> Data shown:

•••••

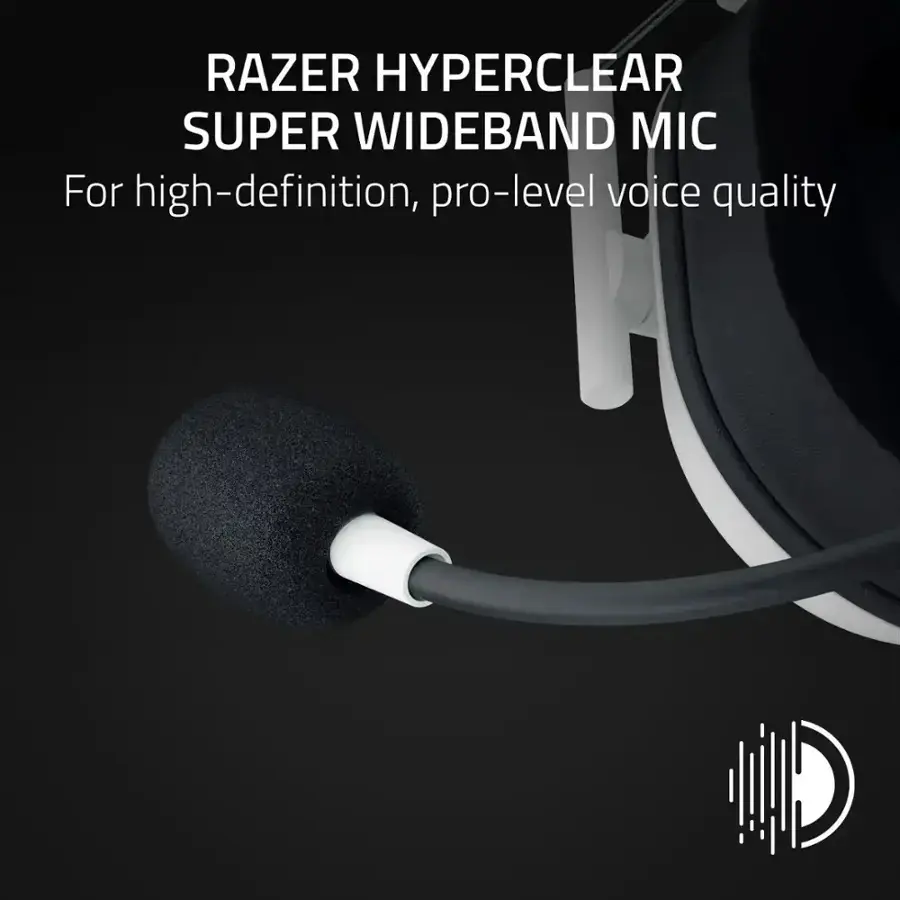 Razer BlackShark V2 HyperSpeed (White, Brown Razer Box) | Wireless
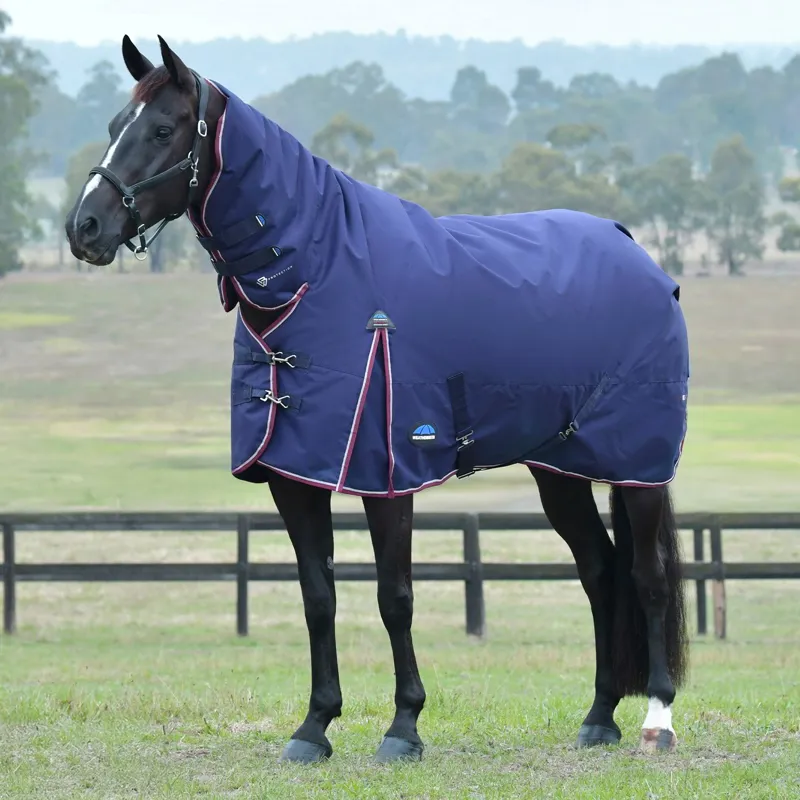WeatherBeeta ComFiTec Essential 360g Combo Turnout - Navy/Burgundy
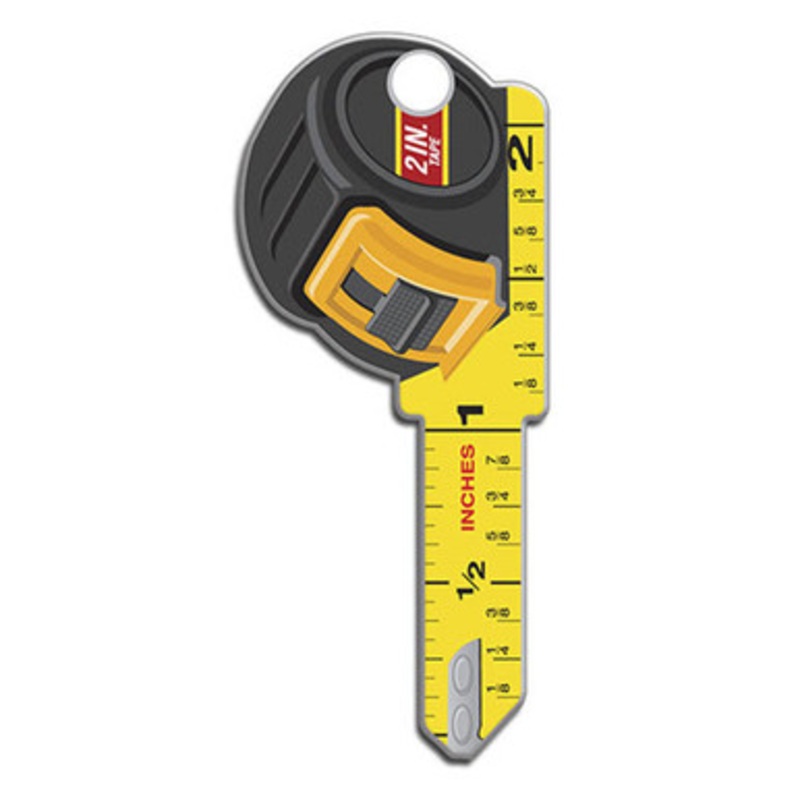 Lucky Line Key Shapes Tape Measure  – 5 Pack – Kwikset KW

•••••

> Exercise prompt:
Repeat the data word for word. Skip the pictures.

> Answer section:
 Razer BlackShark V2 HyperSpeed (White, Brown Razer Box) | Wireless
WeatherBeeta ComFiTec Essential 360g Combo Turnout - Navy/Burgundy
 Lucky Line Key Shapes Tape Measure  – 5 Pack – Kwikset KW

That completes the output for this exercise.